In the East Bay, about 200 people gathered to chant and rally in the Laney College courtyard, including groups of students from Montclair Elementary and St. Paul’s Episcopal School in Oakland. Organizers planned to board BART and join up with marchers in San Francisco later in the day.
St. Paul’s eighth grader Lily Salazar came to the demonstration as part of a field trip with dozens of her classmates, who made signs at school on Thursday.
Salazar said she wanted to send a message to politicians: that, in the future, “We are going to be the voters,” and that the changing climate matters to them.
“It’s our futures — if we don’t stand up now then eventually it will be too late,” Salazar said. “We’re going to have to live with it.” It wasn’t the first protest for the class. Salazar and other students also joined nationwide student demonstrations against gun violence in the spring of 2018. On the Peninsula, students walked out of class at San Mateo High School and other high schools.
Across the United States and in other countries, similar protests took place. Events were planned at 4,500 locations in 150 countries, from France to Uganda to Kabul, Afghanistan, where 100 people, mostly young women, marched holding signs, protected by armed soldiers. The events were timed around a United Nations Climate Summit set for Monday in New York.
They were inspired by a series of school walkouts to protest climate, started by Greta Thunberg, a 16-yearold Swedish activist who, after taking a boat across the Atlantic, testified before the House of Representatives earlier this week — where she chastised the lawmakers for not taking action on climate change — and met former President Barack Obama.
Although schools in New York City allowed students to take the day off as an excused absence if they marched, that wasn’t the case in the Bay Area. School districts around the Bay Area issued statements saying they generally supported the students’ exercising their First Amendment rights, but that anyone who left a school facility would be given an unexcused absence. Some noted that schools cannot protect students when they leave campus and also that schools would lose state funding for each student who missed a day of school.
Cynthia Greaves, communications manager for the Mountain View Los Altos School District, said Friday that although the district “supports the students’ civic rights to participate in the walkout, their absences will not be excused.”
It is up to each teacher’s discretion whether students who participate in the walkout will be able to make up the class work they miss, Greaves said.
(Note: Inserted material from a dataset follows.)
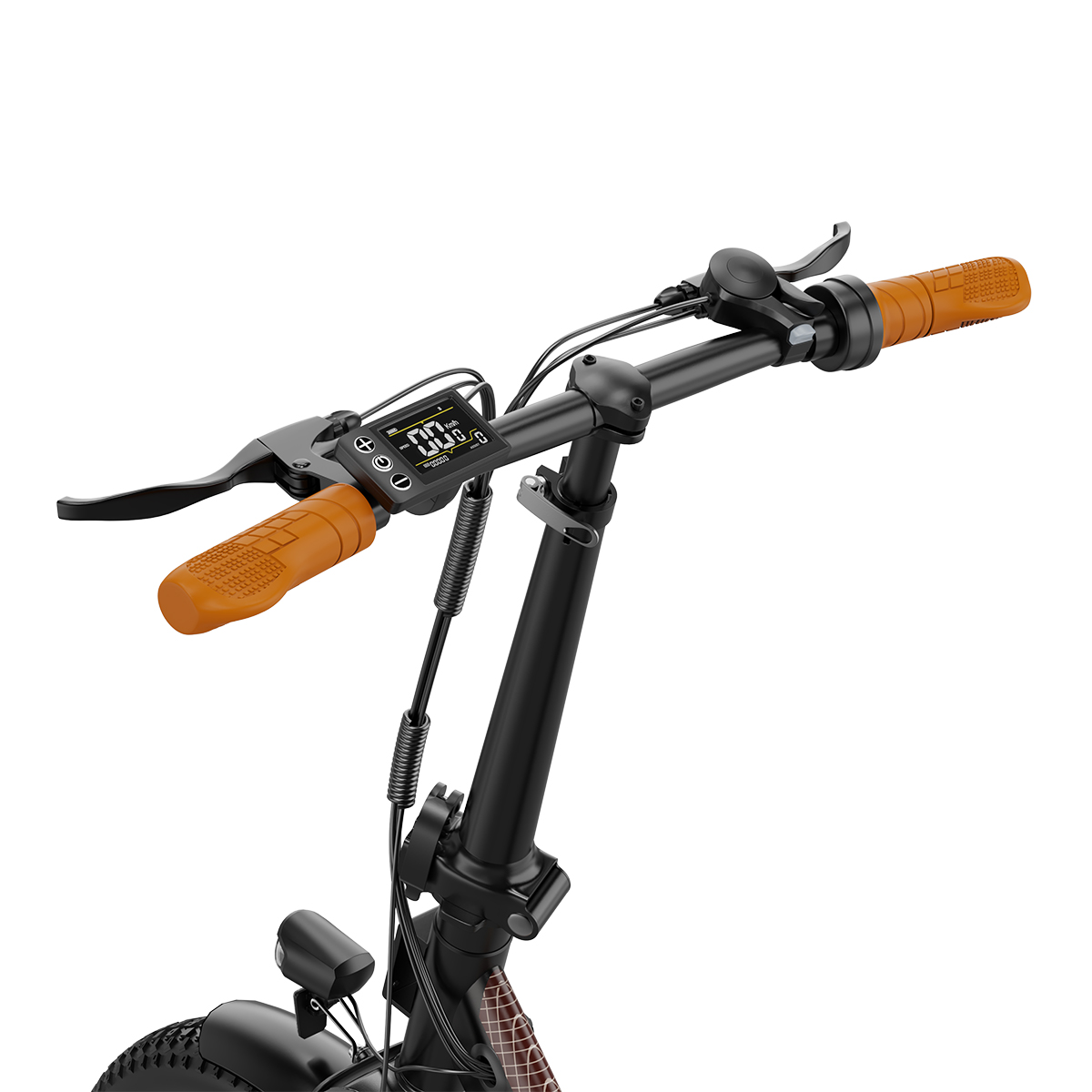 Manubrio di una e-bike con display, manopole marroni e leva del freno.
Liv Wisely, 17, a senior at El Cerrito High School, in Contra Costa County, said teachers agreed to excuse her absences so she could attend the demonstration Friday morning. She was motivated by a sense of responsibility to future generations, she said.
“There really is a right and a wrong side of history,” Wisely said. “In the end, you’re going to be held responsible, the same as everyone else who just stood by and watched it happen.”
Anna Fletcher, a senior at Los Altos High and one of the organizers of her school’s walkout, called Thunberg a “big inspiration” for the decision to plan a march.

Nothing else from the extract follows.